Bilgi ve iletişim teknolojileri, bilginin toplanması, işlenmesi, depolanması ve çeşitli ağlar aracılığı ile ulaşma olanağı sağlanan her yere hızlı bir biçimde iletilmesini sağlayan her türlü yazılı, görsel ve işitsel araçları; iletişim tekniklerini, bilgisayarları içine alan bütünü ifade eden bir kavramdır.
Bilgi ve iletişim teknolojileri, iletişim ve bilgisayar teknolojilerinin birlikte kullanılmasıyla oluşturulmuş bir sistemdir. Bu sistem içinde yazılı basın, radyo, televizyon, İnternet gibi kitle iletişim araçları oldukça yaygın bir biçimde kullanılmaktadır.

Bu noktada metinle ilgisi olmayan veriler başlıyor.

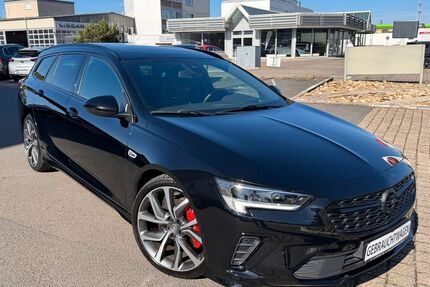 Opel Insignia Gebrauchtwagen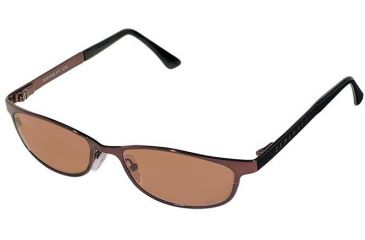 Image of Serengeti Da Vinci Drivers Lens Sunglasses 6734 w/ Metal Frame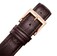 Classicist Multi-Function with Day Night Indicator Quartz Leather Watch 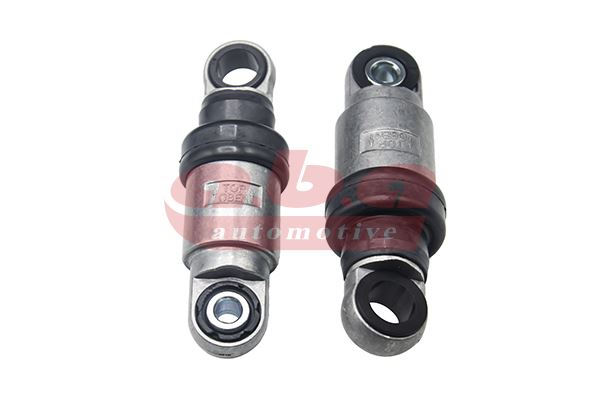 ABA 25150007 Alternatör Gergi Rulmani Titreşim Amortisörlü Omega B 2.5 Td 94-03 -Bmw 318-320-325-520-525 Td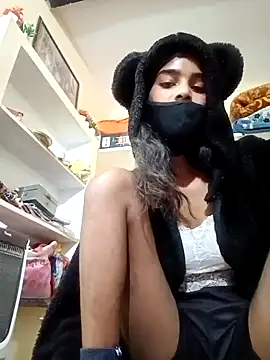 Rashmicut naked stripping on cam for live sex video chat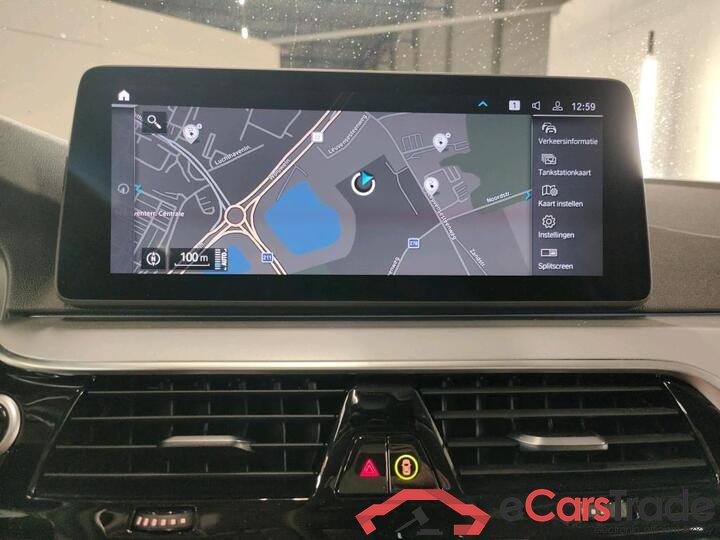 BMW 5 Reeks Touring 5 Reeks Touring 530e Auto (PHEV) 215kW/292pk  5D/P Auto-8 #6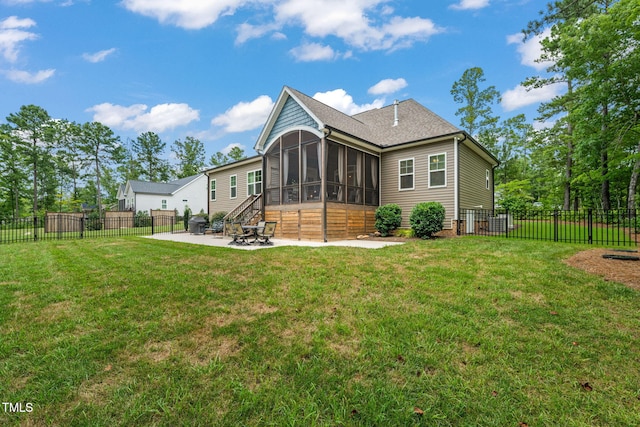 3623 River Watch Ln, Franklinton, NC 27525 - photo 40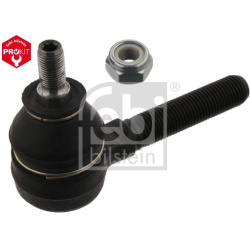  skersinės vairo trauklės galas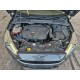 2016 Ford Focus Turnier Titanium 2016 Ford Focus Turnier Titanium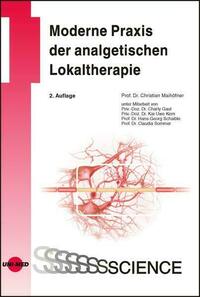 Moderne Praxis der analgetischen Lokaltherapie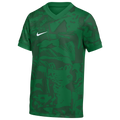 Nike Youth Dri-FIT Precision VII Jersey - Green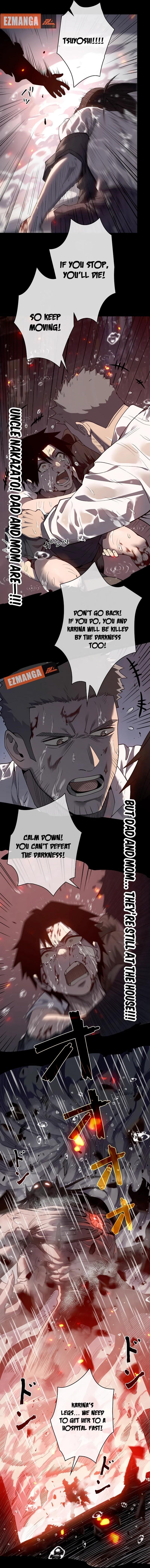 Read divine ring descends_ the strongest otherworld Manga Online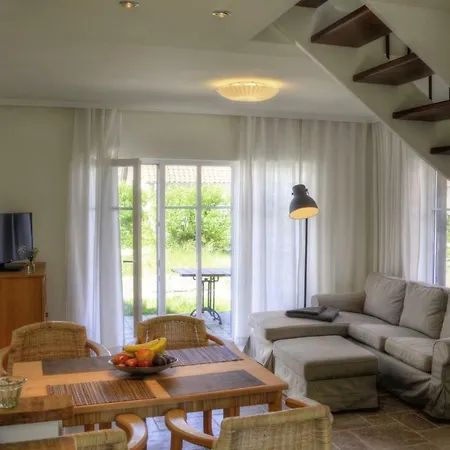 Apartman Ferienhaeuser Suedwind *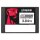 Ent. 2,5" 3.84TB Kingston DC600M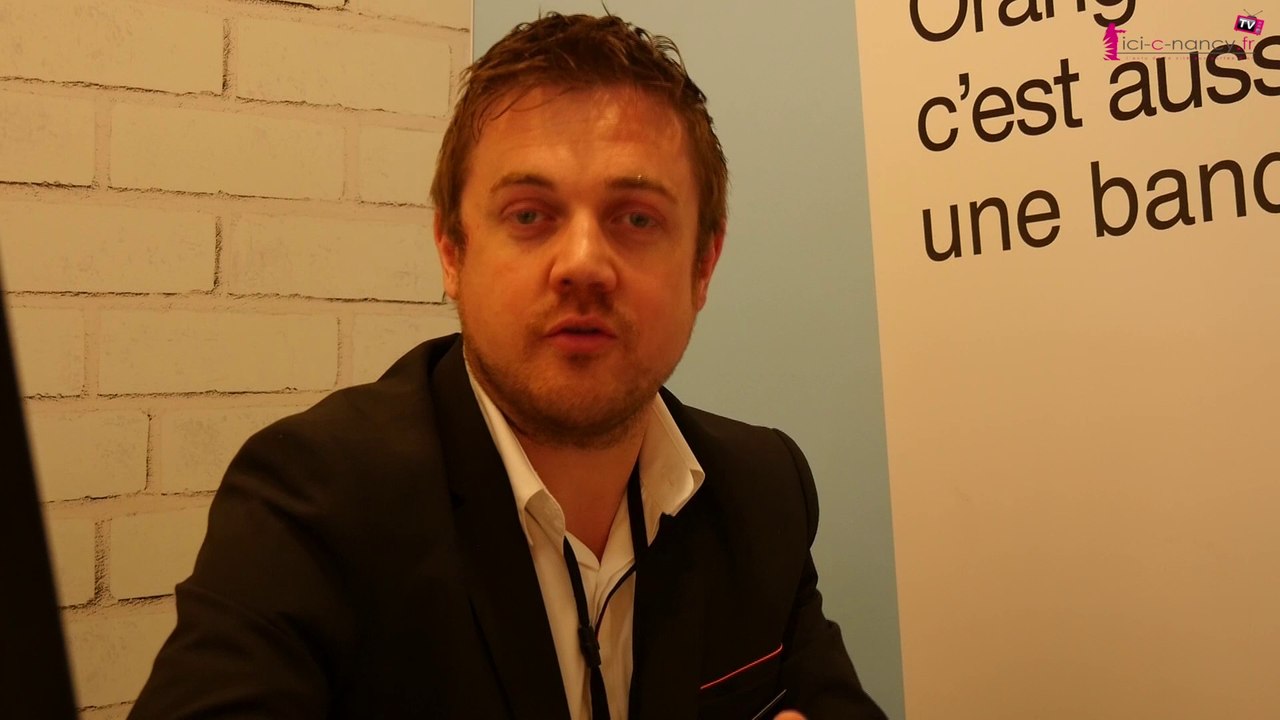 Cédric, directeur adjoint de la boutique de Nancy partage son expérience chez Orange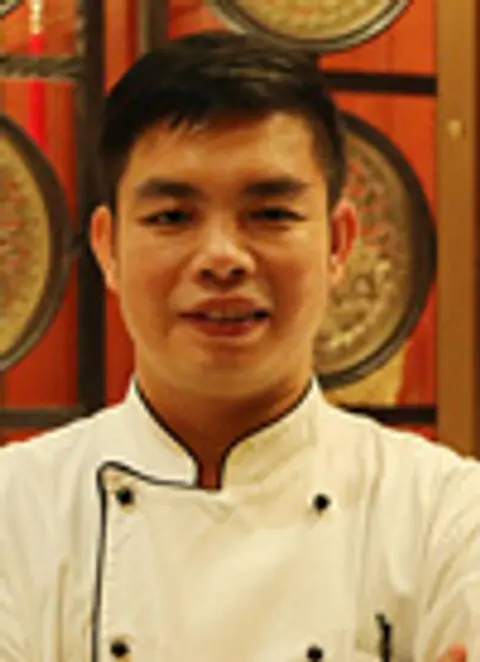Paul Liu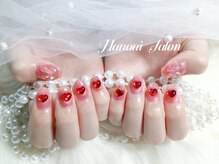 ハナアイ サロン 新大久保店(hanaai salon)/定額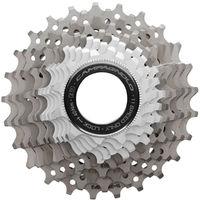 Campagnolo Super Record 11 Speed Cassette (11-23 & 12-25) Cassettes & Freewheels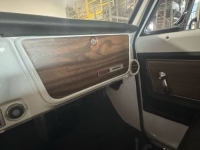 1972 Chevrolet K10 for sale in Michigan (ID-141590)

Günümüzde elektronik haberleşme, ya elektronik posta sistemi (e-mail) sayesinde yazışarak ya da bilgi tartışma servisleri ve bilgisayar konferans sistemleriyle konuşarak yapılmaktadır. Elektronik haberleşme kanalları ile istediğimiz bilgiyi; emek, zaman ve ekonomiden tasarruf ederek dünyanın öbür ucuna iletebiliriz. İşte bu olanak sayesinde dünyanın her tarafındaki demokratik yaşama müdahil olabiliriz. Bunun yanında sosyal medyanın kullanımı da büyük bir hızla artmaktadır.

Sosyal medya, kişilerin İnternet üzerinden -sosyal ağlar aracılığı ile- her türlü diyalog ve paylaşımda bulunmalarına olanak sağlamaktadır. Bu hızlı kullanım hemen her şeyi etkilemektedir. İnsanlar sosyal medya araçlarını kullanarak örgütlenebilmekte, demokratik yaşam içinde meydana gelen olumlu veya olumsuz olaylara müdahale edebilmektedirler.
Ortadoğu’da yaşanan rejim değişikliğine neden olan toplumsal ayaklanmaların, sosyal medya üzerinden bir araya gelen insanlar tarafından yapıldığı iddia edilmektedir. Yine bu olanaklar sayesinde insanlar, hem kendi ülkelerinde hem de dünyanın başka ülkelerinde yaşanan olumlu demokratik gelişmeleri desteklemekte ve olumsuz olayları da protesto edebilmektedirler.
Bilişim ve iletişim teknolojilerindeki hızlı gelişmeler insan ilişkilerinde, siyasi yaşamda ve demokratik toplumların ve kurumların işleyişinde devrim niteliğinde değişimlere neden olmuştur. Bilişim ve iletişim teknolojileri, gerek yurttaşlar arasındaki gerek seçilmişler ile seçmenleri arasındaki iletişimi büyük oranda değiştirmiştir.
Hükûmetin yurttaşlara ve yerel yönetimlerin kenttaşlara erişiminde yeni yöntemlerin ortaya çıkışına tanık oluyoruz. Bilişim ve iletişim teknolojileri iki taraflı çalışan bir iletişim kanalı açmıştır. Bir taraftan seçilmişler seçmenlerine icraatlarını, düşüncelerini anlatabilmekte, diğer taraftan da seçmenler temsilcilerine isteklerini, sorunlarını, çözüm önerilerini aktarabilmektedirler. Üstelik tarafların bir araya gelmesini de gerektirmemektedir. Bütün bunların sonucunda vatandaşlar artık dijital vatandaş olarak nitelendirilebilmektedir.
Ülkemizde de uygulanan “e- devlet” uygulaması sayesinde birçok işlem kolayca ve zahmetsizce gerçekleştirilebilmektedir. Böylesine etkili bir aracı demokratik yaşama etkin katılım için bizler de kullanmalıyız. Yaşadığımız ya da şahit olduğumuz insan hakları ihlallerini veya iyi örnekleri kamuoyu ile paylaşmalı, yaşanan ihlallerle ilgili şikâyetleri yetkili mercilere iletmeliyiz. Yönetimin uygulamaları ile ilgili düşüncelerimizi kurum ve kuruluşlara iletmeliyiz. Çözüm önerileri geliştirmeliyiz.
Sosyal yaşam içinde son derece etkili olan elektronik haberleşme ve sosyal medya araçlarını kullanırken etik ilkeleri ön planda tutmalıyız. Toplumsal yaşam içinde uymak zorunda olduğumuz genel görgü kurallarına uyma, yaptığımız bilgilendirmelerde başkalarını yanıltmama, yasaların suç kabul ettiği eylemlerde bulunmama gibi kurallara uygun davranmalıyız. Katılmadığımız görüşlerle ilgili yorum yaparken hakaret etmemeye, saygı sınırlarını zorlamamaya özen göstermeliyiz.